Quote:
The soil is supposed to be capped anyhow, so you don't need to remove your substrate and rinse it.(many planted tank forums are referring soil to dirt, not sure if you are aware of that).
And like I said, you can remove the fish, they can remain in another container and remain heated. Once everything is settled down, the tank will be warm enough again and your fish can go back into the tank.
Yes, I know soil is dirt.
I'm referring to the substrate cap (the non-soil one that is theoretically in there now).
Unless we're crossing wires and I'm misunderstanding you, you're talking about a way to add dirt/soil to the bottom of an existing non-dirt/soil substrate (gravel, sand, etc), right?
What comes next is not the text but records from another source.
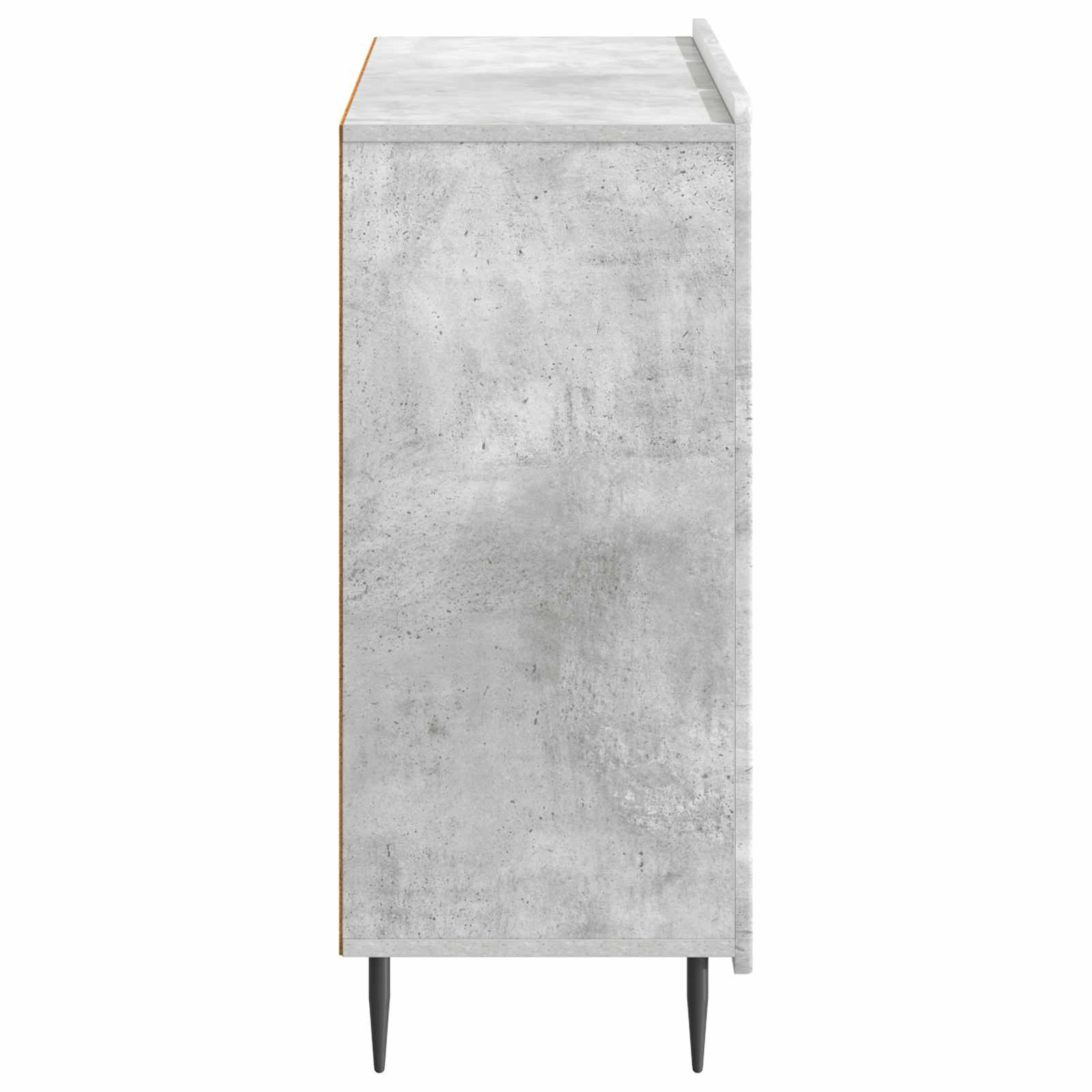 Buffet Gris béton 89 x 34,5 x 82 cm Bois d'ingénierie - XIOS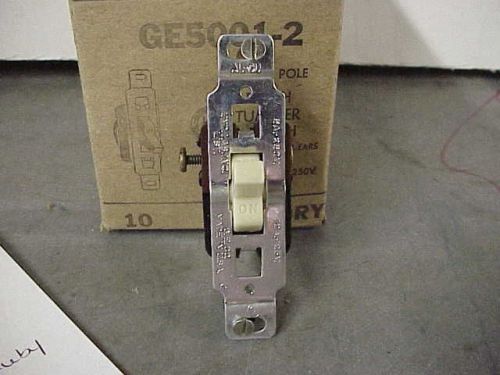 CASE 100, GE5001-2 10 AMP 120V 1-POLE TUMBLER SWITCHES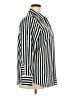 Nine West Stripes Black 3/4 Sleeve Blouse Size XL - photo 4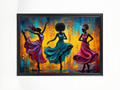 Joy Dance – African Women Dancing Art Print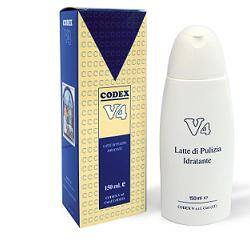 Codex V4 Latte Idratante Pulizia Viso 150 ml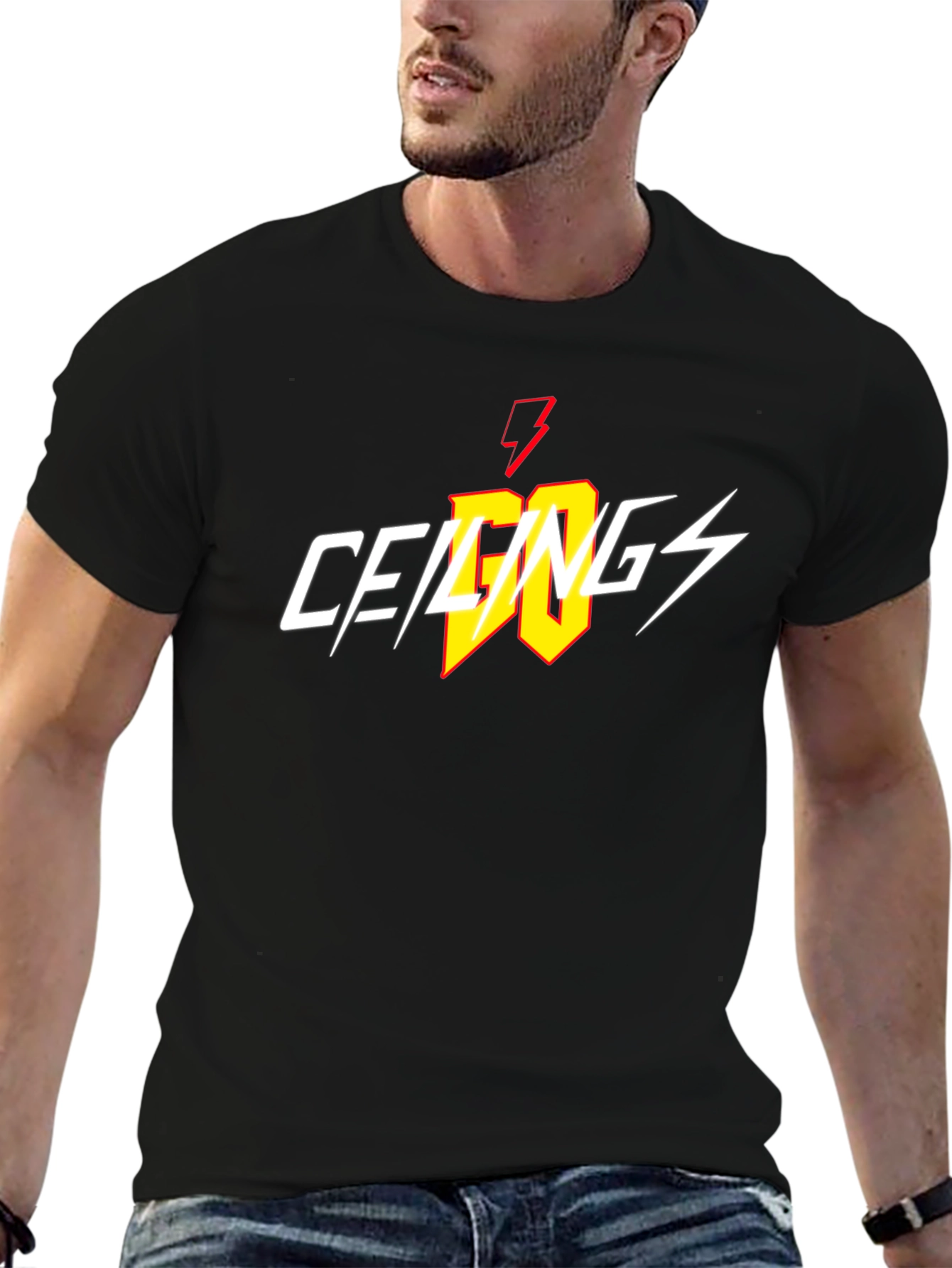 Ceilings Lightning Bolt Black T-Shirt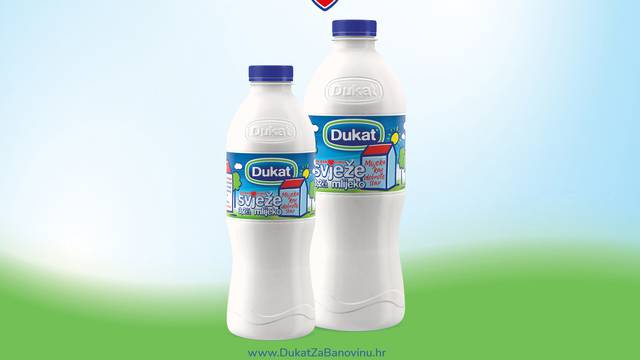 Dukat se odriče 50 lipa od svake prodane boce svježeg mlijeka za pomoć stanovnicima Banovine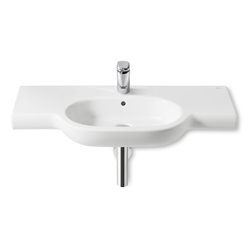 Meridian-N Lavabo Roca, A32724B000 1000 x 460 x 150 1 trou perçé, 2 trous préperçés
Any substrate in an established tank is going to have all kinds of gunk trapped in it that you don't want to release without risk to the fish, even if you change the water, much will be newly-exposed and likely start producing ammonia and other junk in the water. So major disturbances to existing established substrate should be kept to a minimum. Even carefully "shimmying" in frozen blocks would be a pretty major distubance, if you're coating the whole tank bottom with them under the existing substrate (which would now be a cap for the dirt/soil).
Of course, if I'm misunderstanding what you're proposing, then perhaps this warning doesn't apply, and I'd love to hear more about this, because it does seem interesting.
(I mentioned the temperature issue because you said "Can also remove the fish
if you want" but I don't see that as particularly optional for major work like this.)